A escritora e roteirista conta o processo de adaptação de seu romance A Máquina na divertida peça homônima dirigida por seu marido, João Falcão

Tudo começou com um convite para escrever uma peça de teatro. Argumentei que nunca tinha escrito para teatro antes, que essa não era a minha praia, que me sentiria insegura, coisa e tal, mas foi inútil. Seduzida pela idéia, comecei a escrever A Máquina, a peça, em janeiro de 1999.
Logo nas primeiras páginas, concluí que não era uma peça que eu queria escrever. Mas estava gostando da história. Fiquei indecisa. Foi quando João Falcão leu os primeiros rascunhos, se empolgou com o que leu e sugeriu "por que você não escreve em forma de literatura e eu adapto para o teatro?". Aceitei a sugestão e me senti muito mais à vontade quando me libertei do compromisso com a forma teatral. Comecei a escrever um texto sem saber direito o que seria. Seria um conto? Um romance? Uma novela? O rascunho de uma peça? Uma espécie de libreto? Eu não sabia bem. Mas fui me apaixonando pela palavra, pela frase, pelo ritmo, pela sonoridade, até o ponto de esquecer completamente o objetivo inicial. O meu envolvimento com a forma literária era tamanho que muitas vezes eu achei que estava me distanciando demais da forma teatral, o que seria um grande problema na hora da adaptação.

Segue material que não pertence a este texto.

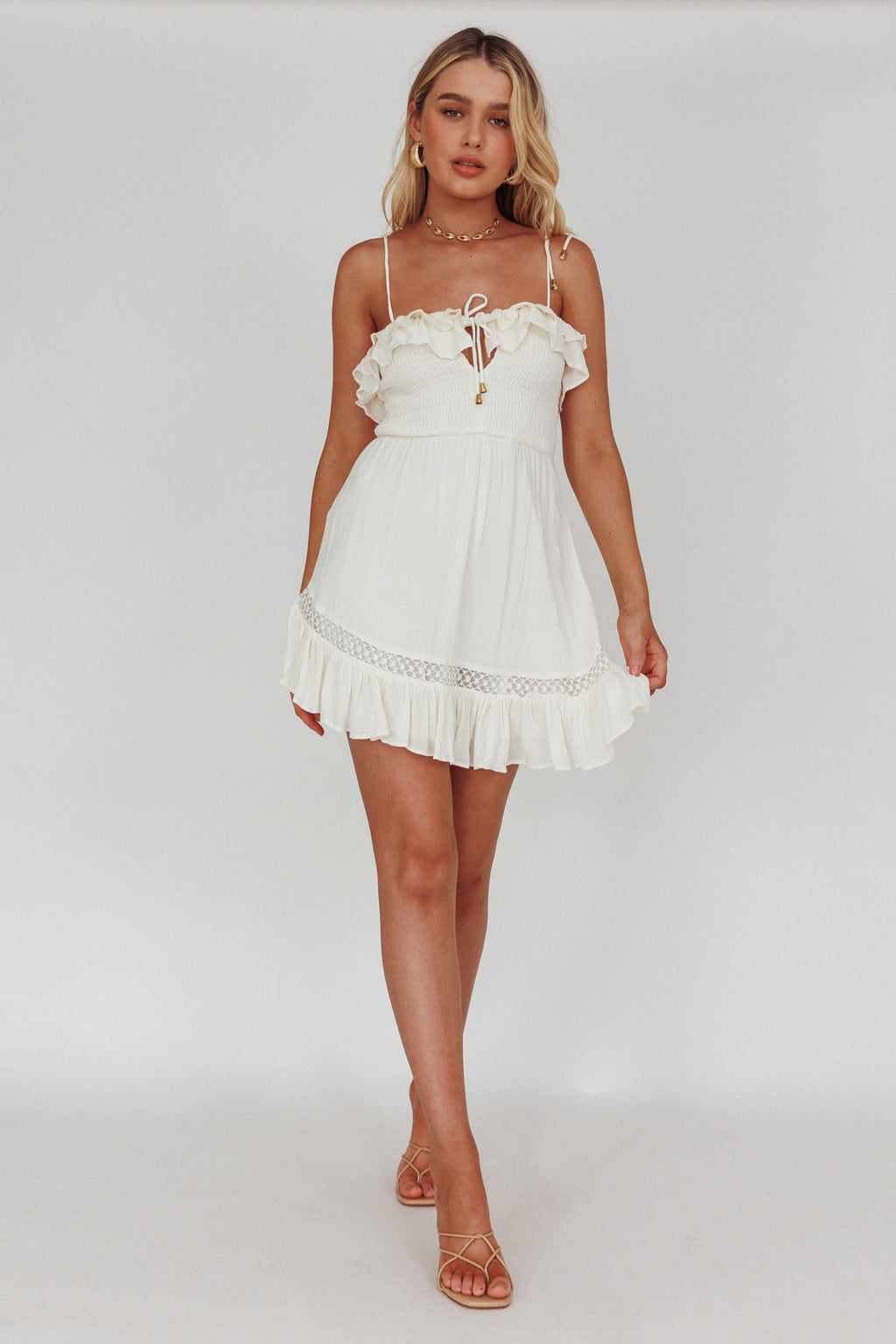 Daydream Shirred Bust Frill Trim Mini Dress White by Selfie Leslie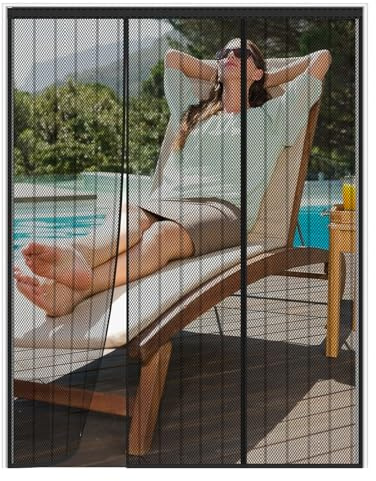 LXHFSH Magnetic Fly Screen Door 180x200cm Double Door Screen Curtain, Anti Mosquito Mesh Fly Curtain, Shut Automatically, Insect Protection Fly Curtain for Sliding Door, Patio Door, French Door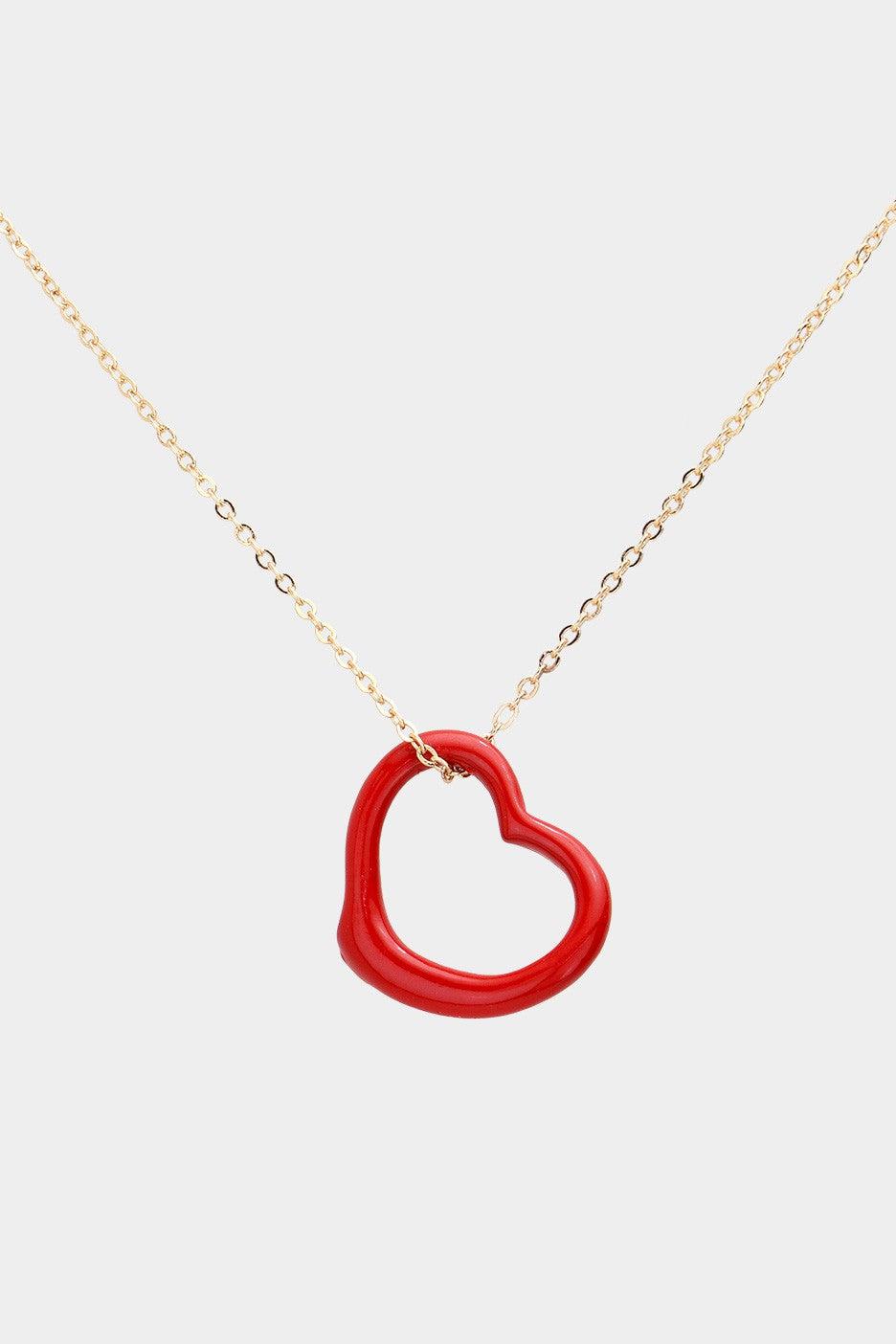 Metal Heart Cut out Pendant Necklace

O texto ficou pronto em setembro de 1999 e a editora Objetiva se interessou em publicá-lo. Quando percebi, A Máquina tinha virado um livro de verdade e eu, por conseqüência, tinha virado uma escritora. Maravilha. Mas aí vinha a segunda parte.
Quando João começou a trabalhar na adaptação propriamente dita, em dezembro, a concepção da encenação já estava pronta na cabeça dele: o palco giratório, um mesmo personagem interpretado por quatro atores, o jogo com quatro platéias distintas, a roda, o relógio, o mundo, o tempo. Durante o processo, ele escreveu alguns diálogos, me encomendou outros, e eu sempre tinha a impressão de que seria impossível fazer funcionar no teatro um texto tão literário, tão essencialmente verbal, sem diálogos e sem indicações de cena.
Talvez seja por isso que o resultado de A Máquina, a peça, me agrade tão especialmente. No dia da estréia, em janeiro de 2000, no Recife, eu estava tão surpresa quanto o resto da platéia com a força da montagem, com a luz, com a delicadeza e o vigor da marcação, com a interpretação superprecisa do elenco. Dizem que eu chorei o espetáculo inteiro. Dizem. E eu acho que devo ter chorado mesmo.